Open ivan-pi opened 8 months ago
When the need for a feature can be addressed in portable open-source libraries that are available today (or in a few years), experience shows that that's a much better solution than trying to change the language. A "standard" feature is likely to be an incomplete solution -- you'll want some means to deal with endianness, and the standard language doesn't even provide that today for unformatted I/O despite near-universal CONVERT=
extensions. It won't appear in a standard until 2028 at the earliest, and it won' be widely available until the 2030's. Since the current process does not generate any conformance tests, portability across implementations won't be assured, and since the process doesn't involve prototyping, any ambiguity or contradictions in the feature's description will lurk in the document until implementors try to make sense of it after publication.
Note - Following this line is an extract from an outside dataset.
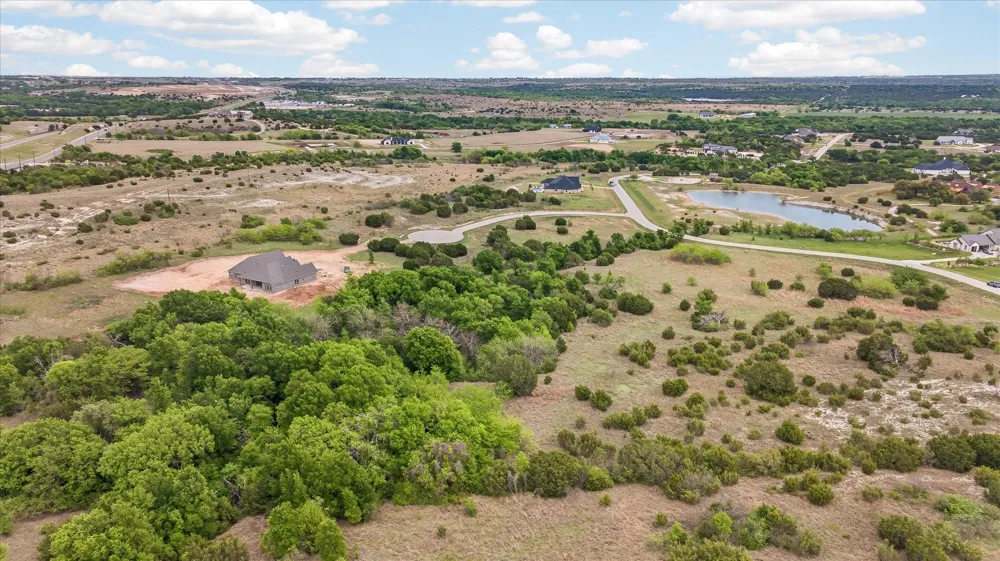 207 Morning Dove Court Cresson, TX 76035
If you have a library implementation today, and it's portable and universally available, you already have the best solution. Second-best would be a pilot extension to an open-source Fortran compiler and I/O runtime library.
since the process doesn't involve prototyping
The Fortran standard process must involve prototyping.
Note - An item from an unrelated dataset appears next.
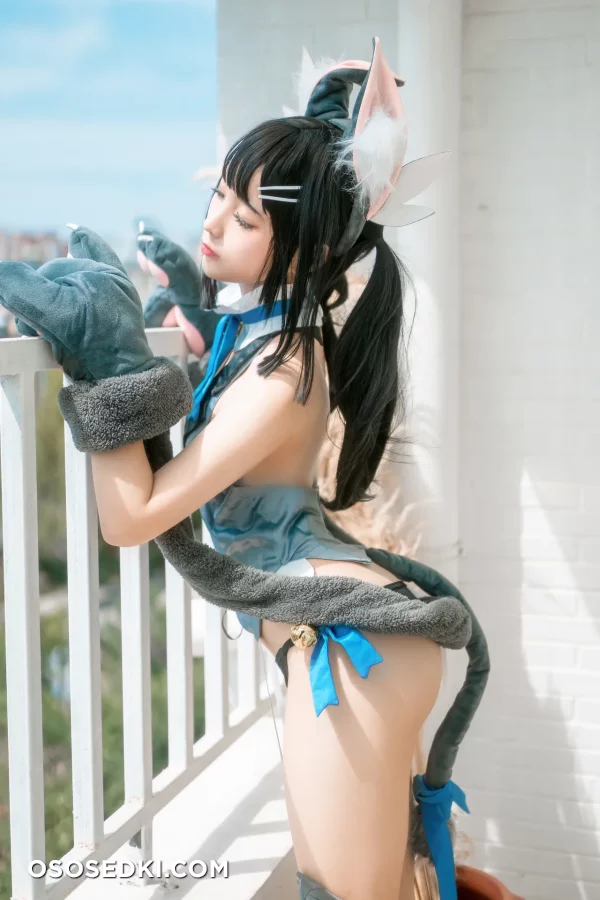 Chunmomo - Miyu Edelfelt - Fate Kaleid Liner Prisma Illya nude. Onlyfans, Patreon leaked 44 nude photos and videos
Second-best would be a pilot extension to an open-source Fortran compiler and I/O runtime library.
Yes, that has to be a prerequisite for any proposal.
Another idea: if Fortran had a way to hook in user-defined readers/writers and still use the built-in Fortran syntax to open and read from files (see https://github.com/j3-fortran/fortran_proposals/issues/331), then one could define a "Base64Writer" as a user library, and still use the write
syntax.
The hook you propose seems related to Section 2.3.9 of the coroutine proposal: https://j3-fortran.org/doc/year/19/19-169.pdf (I haven't dived into the details yet, just noticed it has a similar purpose)
Popular visualization formats like the VTK XML File Format use Base64 encoding of numerical data as text. This slightly increases the amount of storage, but proves to be more reliable when distributing data via channels that predominantly support text (e.g. the internet). Another example use case would be embedding binary data (e.g. images, other binary assets) in HTML reports generated by a Fortran program.